:: RECORDS TO USE ::

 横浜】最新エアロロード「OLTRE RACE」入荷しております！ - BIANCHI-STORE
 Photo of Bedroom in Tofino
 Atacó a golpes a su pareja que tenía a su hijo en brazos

...

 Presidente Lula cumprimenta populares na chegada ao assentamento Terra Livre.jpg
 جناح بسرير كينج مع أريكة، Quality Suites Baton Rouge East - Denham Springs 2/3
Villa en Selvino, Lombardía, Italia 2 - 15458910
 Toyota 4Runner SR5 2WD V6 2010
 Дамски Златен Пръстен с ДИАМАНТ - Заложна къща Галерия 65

---

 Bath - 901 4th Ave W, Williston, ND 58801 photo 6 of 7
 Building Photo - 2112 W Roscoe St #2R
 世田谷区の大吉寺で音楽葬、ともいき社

:: TASK GOAL ::
Would you please write out, exactly and with no other lines, the stretch of the listing above from the line containing "Photo of Bedroom in Tofino" through the line containing "Atacó a golpes"?

:: RESPONSE AREA ::
 Photo of Bedroom in Tofino
 Atacó a golpes a su pareja que tenía a su hijo en brazos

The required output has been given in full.